As a North Carolina wrongful death lawyer, I have learned by observing some of the best and some of the worst lawyers how the client’s lawsuit can be affected for good or ill by the approach and habits of the lawyer they select to represent them. Judges have definite opinions of the attorneys who come before them. Attorneys’ reputations often are known to the judge and the courthouse personnel before they get there. The jury associates the lawyer with their client and will often look to the judge to see what the judge appears to think of the lawyer. Although judges do a good job of trying not to show bias one way or the other, human nature will tend to cause judges to treat lawyers differently depending upon their personality, preparedness, and professionalism.
1. If the lawyer is a jerk in the way he treats people, no one will want to deal with him. It has taken me 20 years during my career in injury work to realize that you get more flies with honey than with vinegar. The attorney should treat the other lawyer and especially the insurance company representative or claims agent courteously. Those are the people who are going to pay the money as they have the checkbook. If you want the check to be as big as possible, there is no reason to be unpleasant unnecessarily. Some lawyers, particularly some who advertise on TV, pretend like being nasty is the same thing as providing strong, aggressive representation. That is not the case. A really good attorney can be a terrific person and a fierce adversary in the courtroom at the same time. A disagreeable counselor that no one likes will hurt the client’s case.
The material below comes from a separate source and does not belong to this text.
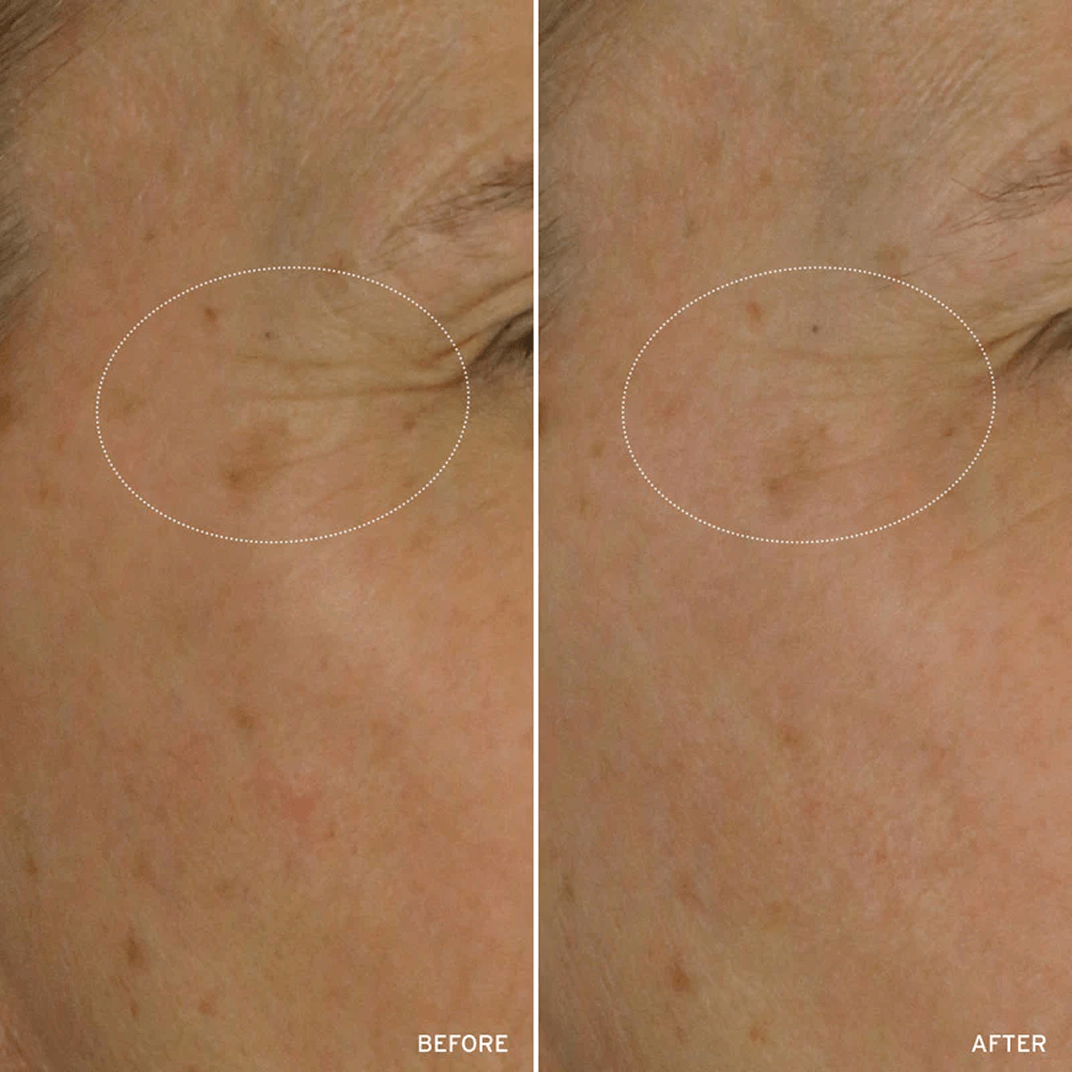 Cell Energizing Treatment before and after comparison highlighting reduction of fine lines and wrinkles on a woman's face near hey eyes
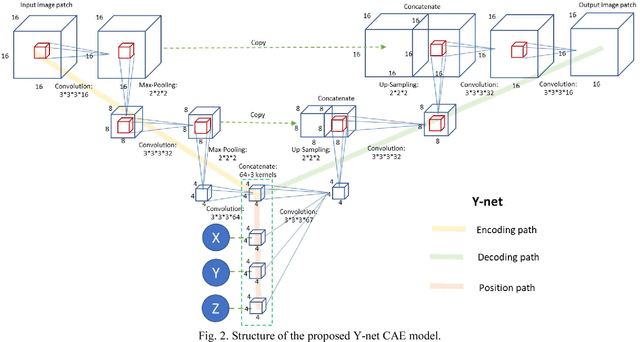 Figure 2 for Y-net: 3D intracranial artery segmentation using a convolutional autoencoder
2. Some attorneys just don’t work hard enough and are not prepared in court. The view of your counsel as someone who doesn’t know what they are talking about and isn’t ready will definitely rub off in the court’s view of the case. You definitely don’t want to hire an attorney who comes into court without doing their homework. Amazingly, there are numerous attorneys who have been doing personal injury law for a long time that fall into this category.
3. Professionalism and reputation for honesty matters. If the court knows that you have a lawyer who tends to make things up or misrepresent the facts, then your side will tend to lose a lot of the arguments before the court. The judge will just assume that the lawyer is not to be believed. In court, credibility is king! The jury has to like you and believe you to want to give you money for your case. This starts with your advocate. When the jury doesn’t believe that your lawyer is always exact and a master of the facts, then they will look to the insurance defense lawyer to tell them the truth about what happened in your accident.